From the listing below, copy only the lines from the line that contains "PA license plate KAL9703" to the line that contains "Pale yellow eyelet", counting those two lines as part of the copy.

===== DATASET RECORDS

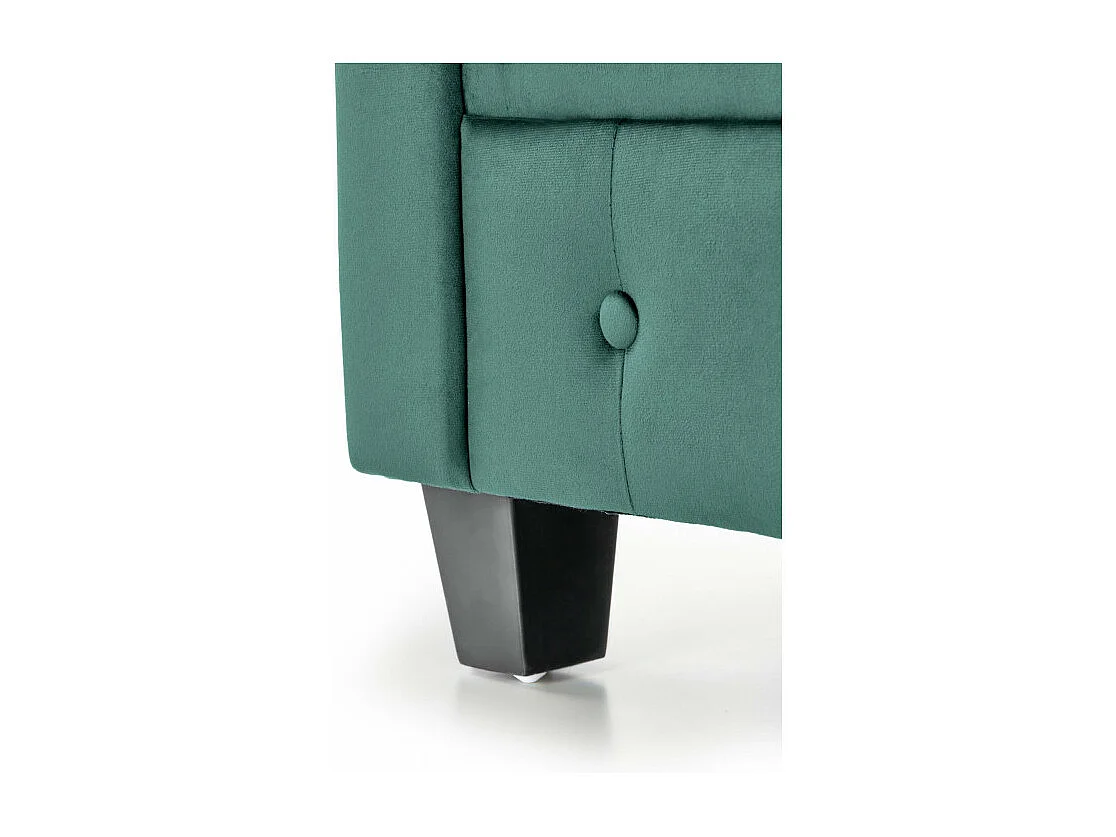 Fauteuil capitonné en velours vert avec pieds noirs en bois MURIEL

==========
===== DATASET RECORDS

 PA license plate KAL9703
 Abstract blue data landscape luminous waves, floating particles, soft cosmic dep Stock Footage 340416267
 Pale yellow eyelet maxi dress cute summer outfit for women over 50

==========

SOLUTION:
 PA license plate KAL9703
 Abstract blue data landscape luminous waves, floating particles, soft cosmic dep Stock Footage 340416267
 Pale yellow eyelet maxi dress cute summer outfit for women over 50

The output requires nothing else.